Hierbei handelt es sich um eine sonstige innergemeinschaftliche Leistung nach § 13b Abs. 1 UStG. In diesem Fall stellt Frau Müller eine Rechnung über 10.000 Euro ohne deutsche oder österreichische Umsatzsteuer aus. Die X-GmbH muss die auf das Honorar entfallende deutsche Umsatzsteuer in Höhe von 19 % bzw. 1.900 Euro gegenüber dem zuständigen deutschen Finanzamt deklarieren. Gleichzeitig kann sie Vorsteuer in gleicher Höhe geltend machen. Effektiv kommt es in diesem Fall also nicht zu einer finanziellen Belastung des Leistungsempfängers, er hat aber den bürokratischen Aufwand zu tragen.

Musterrechnung

Die Rechnung muss grundsätzlich den Anforderungen des § 14 UStG genügen. Allerdings darf die sie keine Umsatzsteuer ausweisen, sondern stattdessen einen Hinweis auf das Reverse-Charge-Verfahren enthalten.
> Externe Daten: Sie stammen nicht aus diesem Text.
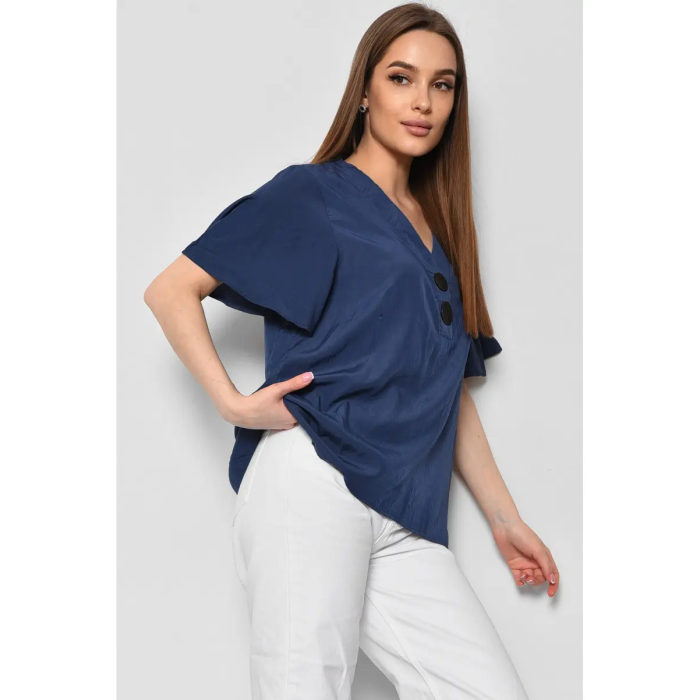 Жіноча блузка з двома гудзиками, стильна вільного крою футболка, синій, ХL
Dafür kann folgende Formulierung verwandt werden:

Hinweis zur Steuerschuldnerschaft des Leistungsempfängers (Reverse-Charge-Verfahren):

Die Umsatzsteuer muss vom Leistungsempfänger gemäß den Bestimmungen seines Sitzstaates berechnet, deklariert und an das für ihn zuständige Finanzamt abgeführt werden.
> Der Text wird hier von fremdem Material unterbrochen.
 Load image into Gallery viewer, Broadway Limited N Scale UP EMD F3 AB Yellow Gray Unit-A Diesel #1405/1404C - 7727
FAQ – Häufige Fragen zur Umkehr der Steuerschuldnerschaft

Warum Reverse Charge?

Das Verfahren gewährleistet, dass die Umsatzsteuer in dem Land anfällt, in dem die Leistung wirtschaftlich verwertet wird.

Was ist Paragraf 13b UStG?

Diese Norm regelt die Fälle, in denen das Reverse-Charge-Verfahren greift und die Ausnahmen, bei denen es nicht zur Anwendung kommt.

Wer ist der Leistungsempfänger?

Der Leistungsempfänger ist der Kunde, also der Unternehmer oder die juristische Person des öffentlichen Rechts, die die Leistung in Auftrag gegeben hat und wirtschaftlich verwertet.

Was ist eine innergemeinschaftliche sonstige Leistung?

Hierzu zählen insbesondere alle innergemeinschaftlichen grenzüberschreitenden Dienstleistungen. Außerdem qualifizieren sich auch Verpflichtungen, eine Handlung zu unterlassen oder eine Handlung oder einen Zustand zu dulden als sonstige Leistungen. Das gleiche gilt für die Abtretung von körperlichen Gegenständen.

Fazit

Das Reverse-Charge-Verfahren ist ungewöhnlich, finanziell ist es für die betroffenen Unternehmer aber vorteilhaft, da es die Liquidität schont. Anders als im klassischen Umsatzsteuersystem muss der Leistungsempfänger die Mehrwertsteuer nicht an den Lieferanten auszahlen, sondern lediglich gegenüber dem Finanzamt deklarieren. Da ihm in aller Regel ein Vorsteuerabzug in gleicher Höhe zusteht, saldieren sich die Forderungen und Verbindlichkeiten gegenüber dem Finanzamt, ein Mittelabfluss findet nicht statt.